“Hear, O Israel: The Lord our God, the Lord is one. Love the Lord your God with all your heart and with all your soul and with all your strength. These commandments that I give you today are to be on your hearts. Impress them on your children. Talk about them when you sit at home and when you walk along the road, when you lie down and when you get up. Tie them as symbols on your hands and bind them on your foreheads. Write them on the doorframes of your houses and on your gates.” - Deuteronomy 6:4–9 (NIV)
Discipleship is not just a New Testament concept—it has been central to God’s plan from the very beginning. Long before Jesus called His first disciples to “follow Me,” the call to live a life wholly devoted to God was already being formed and passed down. One of the clearest and most foundational expressions of this is found in Deuteronomy 6:4–9, a passage known as the Shema.

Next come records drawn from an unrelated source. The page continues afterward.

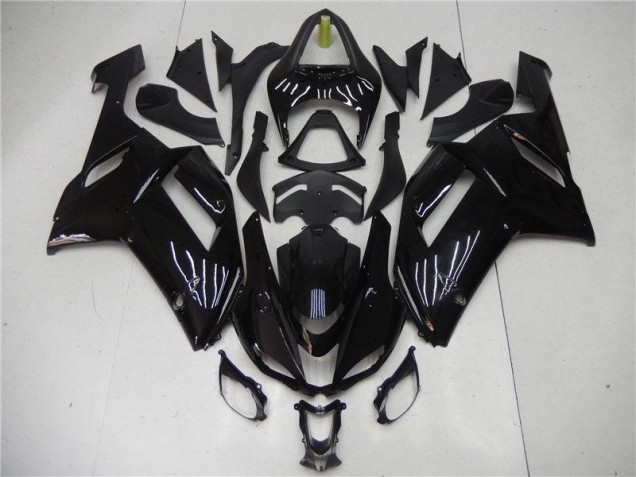 Glossy Black 2007-2008 Kawasaki Ninja ZX6R Injection Fairing Kit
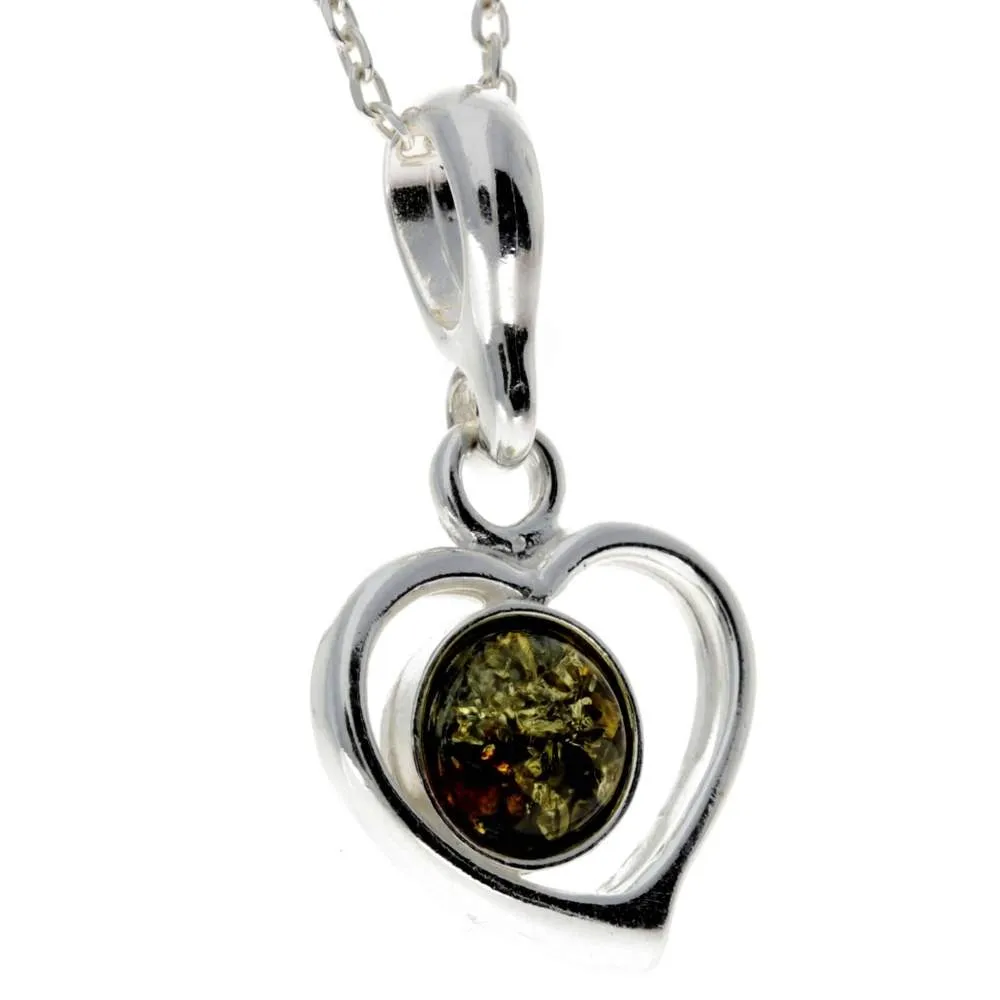 925 Sterling Silver & Genuine Baltic Amber Classic Heart Pendant - 1674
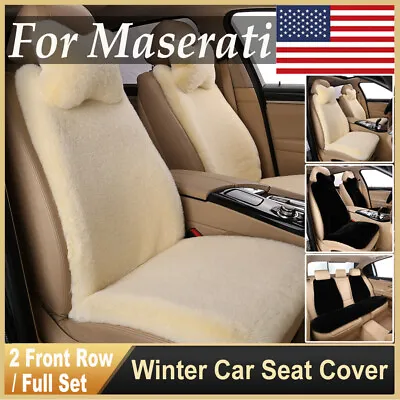 Faux Sheepskin Car Seat Covers 2pcs Front/Rear Cushions For Maserati Beige Black • $50.02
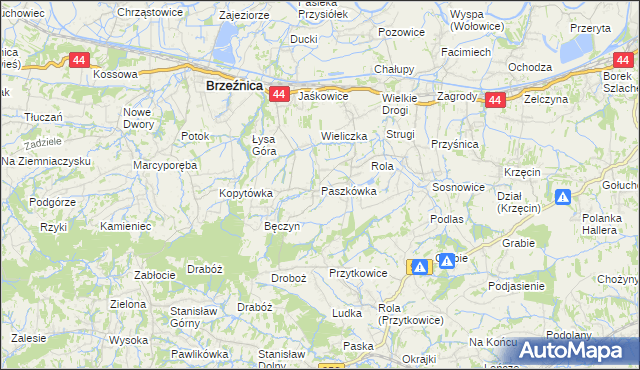 mapa Paszkówka gmina Brzeźnica, Paszkówka gmina Brzeźnica na mapie Targeo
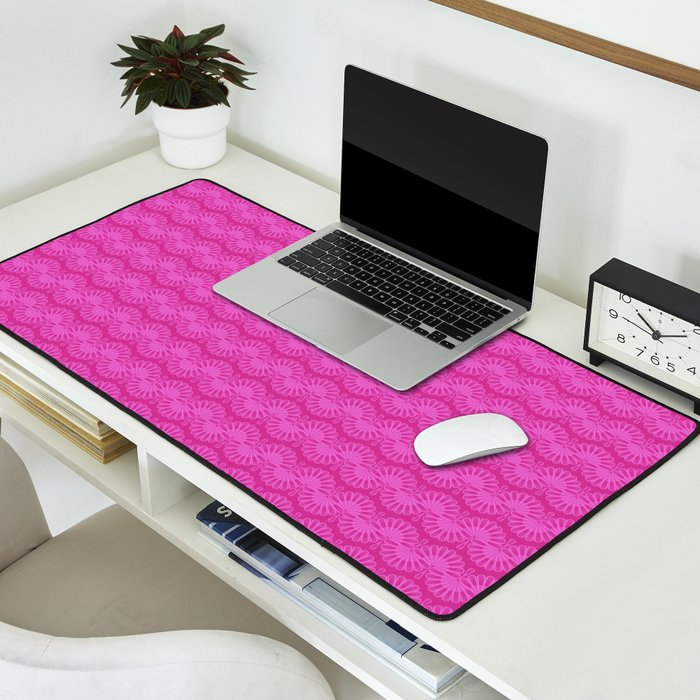 Pink neon bright geometric pattern  Desk Mat Gallery Image 2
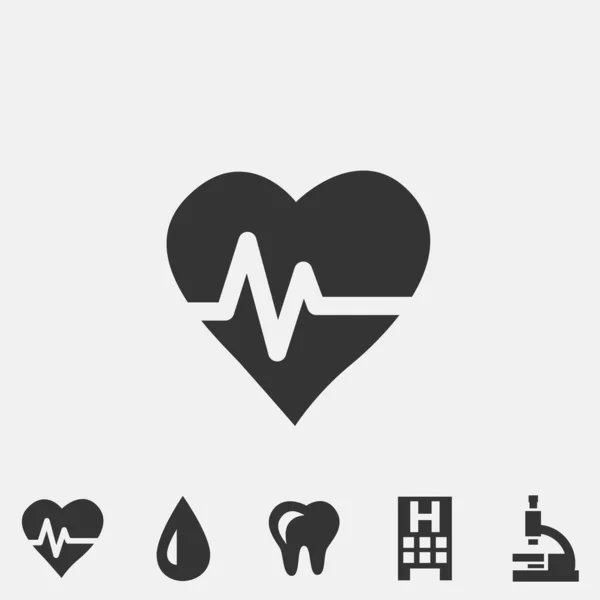Heart Beat Icon Vector Illustration Sign Eps10 — Vetor de Stock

In this ancient text, we see the essence of discipleship laid out for the people of God—not just in what they believe, but in how they live, what they love, and what they practice. It calls God’s people to love Him with all their heart, soul, and strength—and then shows how that love must be carried into daily life, relationships, and rhythms.
What’s striking is how deeply this passage resonates with the Practicing the Way framework for discipleship today. The Shema doesn’t just teach that we should love God—it shows how that love is formed and embodied through the mind, heart, and body: Renew Your Mind, Transform Your Heart, Train Your Body
What follows is a reflection on how this ancient blueprint still shapes the way of Jesus today—and how the formation God called for in Deuteronomy is the same formation Jesus invites us into now.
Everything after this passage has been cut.